### Recorded data
+===+

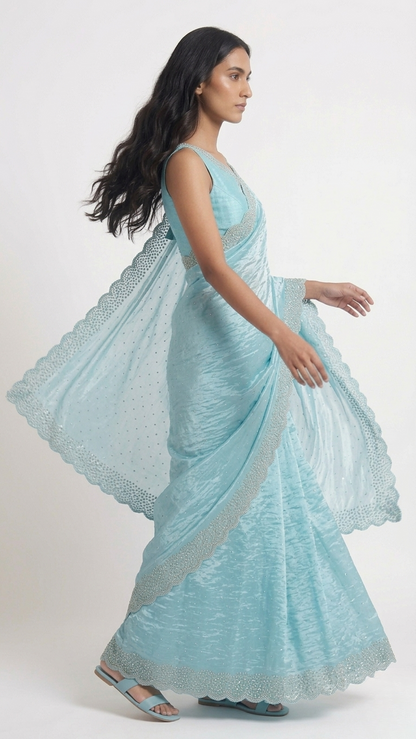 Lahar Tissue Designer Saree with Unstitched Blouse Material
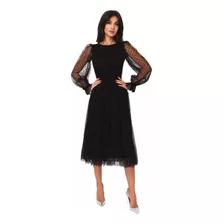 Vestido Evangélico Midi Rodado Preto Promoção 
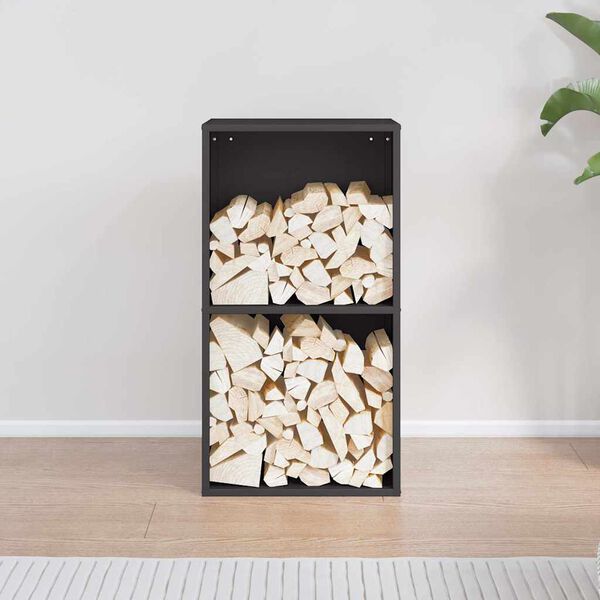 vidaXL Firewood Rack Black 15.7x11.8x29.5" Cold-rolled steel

+===+

Where a picture appears, skip it; repeat everything else in the data exactly.

### Solution for this problem
 Lahar Tissue Designer Saree with Unstitched Blouse Material
 Vestido Evangélico Midi Rodado Preto Promoção 
 vidaXL Firewood Rack Black 15.7x11.8x29.5" Cold-rolled steel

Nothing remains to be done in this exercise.